IT'S bye-bye forever to Benson and Hedges cricket for Yorkshire after the embarrassing seven-wicket caning which Essex handed out in Wednesday's quarter-final match at Chelmsford.

The 30-year-old competition draws to a close this season and it would have been fitting if Yorkshire could have made it into the last final after contesting the first one with Leicestershire in 1972.

Leicestershire, under the shrewd captaincy of the then exiled Yorkshireman, Ray Illingworth, won that game by five wickets, and Yorkshire's chance of making amends by being the last name to be inscribed on the cup has now gone.

It's been quite the fashion in recent years to knock the B&H competition but I for one will mourn its passing and I am convinced county cricket will be all the poorer without it.

In its place comes the 20-overs farce, crammed into a fortnight in June and confidently expected by the ECB to have hoards of youngsters queuing up to watch it.

The B&H down the years has been an excellent start of season contest with a highly competitive format and it has been a useful vehicle for players searching for early one-day form.

Even if tobacco sponsorship is no longer acceptable - and B&H have been county cricket's most loyal backers - it is regrettable that the ECB considered it in the game's best interests to dump the competition altogether and consign it to history.

That Yorkshire should win the B&H Cup only once in 31 seasons is an indication of the club's general weakness over that period of time but their great triumph against Northamptonshire in the 1987 final will never be forgotten.

Many fans still have a vivid picture in their memory bank of skipper Phil Carrick holding up the Cup on the Lord's balcony with gold award winner Jim Love who made a match-winning 75 not out in the greatest innings of his career.

The thriller finished with Yorkshire matching Northamptonshire's score of 244 and lifting the Cup by virtue of losing fewer wickets - six to their opponents seven.

Unless something quite out of the ordinary happens in the semi-finals and final, Yorkshire will hold on to several of the competition's outstanding records.

No-one has yet bettered Australian Michael Bevan and Richard Blakey's unbroken stand of 167 for the sixth-wicket which they set up in that nerve-racking Roses semi-final at Old Trafford in 1996 which Yorkshire went and threw away by one wicket off the very last ball when seemingly home and dry.

The seventh-wicket record is held by Love and Chris Old who blasted 149 together without being parted against Scotland at Bradford Park Avenue in 1981 and Yorkshire also hold the tenth-wicket record which was set up in the same year by David Bairstow and Mark Johnson.

The gallant pair slammed 80 together to rush Yorkshire to a sensational one-wicket win over Derbyshire at Derby, Johnson's share of the stand being only four.
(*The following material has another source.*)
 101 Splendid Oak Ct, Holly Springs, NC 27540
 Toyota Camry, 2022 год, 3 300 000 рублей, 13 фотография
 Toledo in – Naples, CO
It was completely dominated by Bairstow who stampeded and bawled his way to an unbeaten 103 with nine sixes and three fours - his second 50 took a mere six overs.
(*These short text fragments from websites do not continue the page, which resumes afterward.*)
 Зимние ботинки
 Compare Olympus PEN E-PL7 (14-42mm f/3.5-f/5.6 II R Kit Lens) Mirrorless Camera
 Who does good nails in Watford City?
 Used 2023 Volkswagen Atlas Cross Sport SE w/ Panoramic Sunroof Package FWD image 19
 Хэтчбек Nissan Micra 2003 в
Hampshire were swept away for only 50 by Yorkshire in 1991 to record the lowest score in the competition, Arnie Sidebottom gathering up four of the wickets.

So, farewell the Benson and Hedges Cup, at least for Yorkshire. Their Roses generosity means that Lancashire can still win it - and if they do David Byas will be able to give another wry grin at the way things have changed since he moved across the Pennines after being cast out by his native county.